Most of these database definitions live in EDN files; the majority of tests run against a test database named "test data", whose definition can be found here. Take a look at that file -- it's just a simple set of tables names, column names and types, and then a few thousand rows of data to load into those tables.

Like test extension method definitions, schemas for DatabaseDefinition live in metabase.test.data.interface -- you can take a look and see exactly what a database definition is supposed to look like.

Your biggest job as a writer of test definitions is to write the methods needed to take a database definition, create a new database with the appropriate tables and columns, and load data into it. For non-SQL drivers, you'll need to implement tx/load-data!; :sql and :sql-jdbc have a shared implementation used by child drivers, but define their own set of test extension methods. For example, :sql (and :sql-jdbc) will handle the DDL statements for creating tables, but need to know what type it should use for the primary key, so you'll need to implement sql.tx/pk-sql-type:

(defmethod sql.tx/pk-sql-type :mysql [_] "INTEGER NOT NULL AUTO_INCREMENT")

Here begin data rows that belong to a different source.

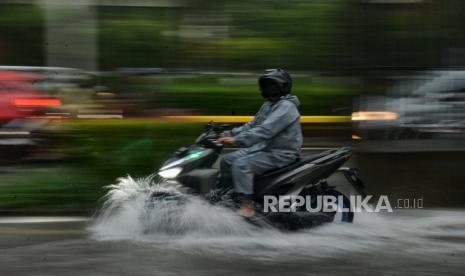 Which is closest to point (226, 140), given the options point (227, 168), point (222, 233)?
point (227, 168)

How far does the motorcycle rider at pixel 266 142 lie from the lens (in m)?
6.25

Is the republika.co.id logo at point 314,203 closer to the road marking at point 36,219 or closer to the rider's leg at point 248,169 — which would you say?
the rider's leg at point 248,169

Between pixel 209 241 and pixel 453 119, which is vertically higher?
pixel 453 119

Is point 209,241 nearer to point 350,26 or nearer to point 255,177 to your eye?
point 255,177

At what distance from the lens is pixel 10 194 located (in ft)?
24.8

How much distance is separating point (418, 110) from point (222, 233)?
2.99 metres

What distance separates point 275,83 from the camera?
6.36 m

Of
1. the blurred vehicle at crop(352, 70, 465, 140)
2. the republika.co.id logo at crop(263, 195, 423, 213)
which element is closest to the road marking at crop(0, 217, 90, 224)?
the republika.co.id logo at crop(263, 195, 423, 213)

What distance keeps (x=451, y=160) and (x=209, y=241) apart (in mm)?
3198

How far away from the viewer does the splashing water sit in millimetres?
5992

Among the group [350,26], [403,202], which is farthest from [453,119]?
[350,26]

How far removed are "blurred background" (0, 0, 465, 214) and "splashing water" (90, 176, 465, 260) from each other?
1204 millimetres

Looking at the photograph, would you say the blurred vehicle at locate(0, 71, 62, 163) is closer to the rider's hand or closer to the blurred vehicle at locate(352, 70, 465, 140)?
the rider's hand

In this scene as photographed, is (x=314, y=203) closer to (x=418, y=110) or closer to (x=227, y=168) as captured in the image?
(x=227, y=168) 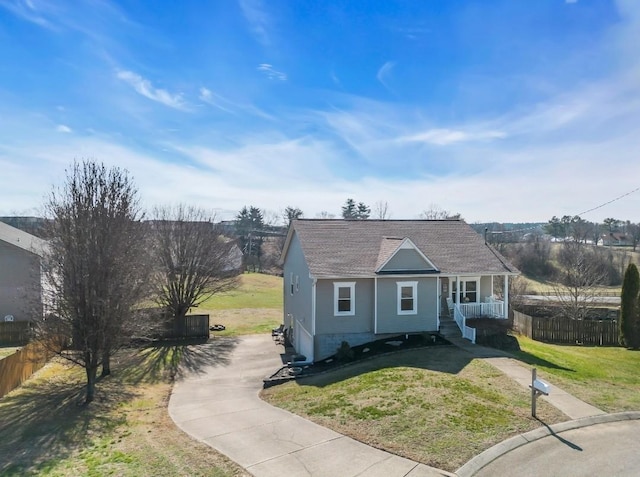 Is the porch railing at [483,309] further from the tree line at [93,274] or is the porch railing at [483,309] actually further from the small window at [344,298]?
the tree line at [93,274]

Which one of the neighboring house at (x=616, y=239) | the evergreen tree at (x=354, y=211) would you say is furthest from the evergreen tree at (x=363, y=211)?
the neighboring house at (x=616, y=239)

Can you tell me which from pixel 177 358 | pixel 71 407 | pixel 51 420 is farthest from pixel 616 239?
pixel 51 420

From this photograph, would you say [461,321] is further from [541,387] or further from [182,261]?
[182,261]

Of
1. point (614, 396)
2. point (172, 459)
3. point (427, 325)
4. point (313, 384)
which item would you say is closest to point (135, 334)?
point (313, 384)

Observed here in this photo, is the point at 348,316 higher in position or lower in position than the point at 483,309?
lower

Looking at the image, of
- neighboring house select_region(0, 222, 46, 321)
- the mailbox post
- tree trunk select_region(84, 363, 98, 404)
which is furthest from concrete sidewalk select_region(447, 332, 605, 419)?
neighboring house select_region(0, 222, 46, 321)

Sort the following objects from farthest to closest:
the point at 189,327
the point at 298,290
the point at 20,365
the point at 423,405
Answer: the point at 189,327 < the point at 298,290 < the point at 20,365 < the point at 423,405

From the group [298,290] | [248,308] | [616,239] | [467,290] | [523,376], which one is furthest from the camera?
[616,239] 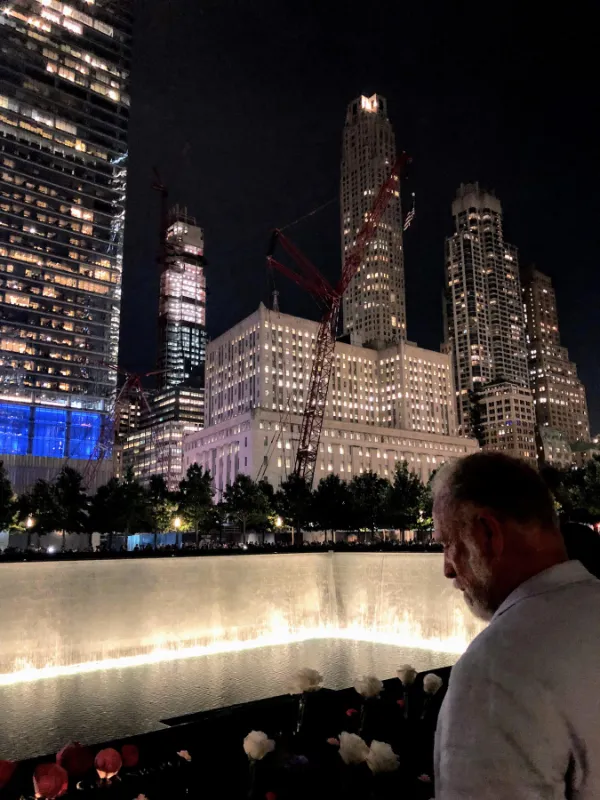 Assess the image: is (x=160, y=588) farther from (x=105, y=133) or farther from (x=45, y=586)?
(x=105, y=133)

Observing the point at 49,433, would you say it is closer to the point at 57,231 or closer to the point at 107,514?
the point at 57,231

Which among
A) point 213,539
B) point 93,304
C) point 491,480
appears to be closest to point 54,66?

I'd like to document every single test extension method in detail here, but until I find the time to do that, the methods are all documented in the codebase itself; take a look at the appropriate test extension namespaces and see which methods you'll need to implement. You can also refer to the test extensions written for other similar drivers to get a picture of what exactly it is you need to be doing.

Connection Details

Of course, Metabase also needs to know how it can connect to your newly created database. Specifically, it needs to know what it should save as part of the connection :details map when it saves the newly created database as a Database object. All drivers with test extensions need to implement tx/dbdef->connection-details to return an appropriate set of :details for a given database definition. For example:

(defmethod tx/dbdef->connection-details :mysql [_ context {:keys [database-name]}]
  (merge
   {:host     (tx/db-test-env-var :mysql :host "localhost")
    :port     (tx/db-test-env-var :mysql :port 3306)
    :user     (tx/db-test-env-var :mysql :user "root")
    ;; :timezone :America/Los_Angeles
    :serverTimezone "UTC"}
   (when-let [password (tx/db-test-env-var :mysql :password)]
     {:password password})
   (when (= context :db)
     {:db database-name})))

Let's take a look at what's going on here.

Connection context

tx/dbdef->connection-details is called in two different contexts:

  • When creating a database,
  • And when loading data into one and syncing.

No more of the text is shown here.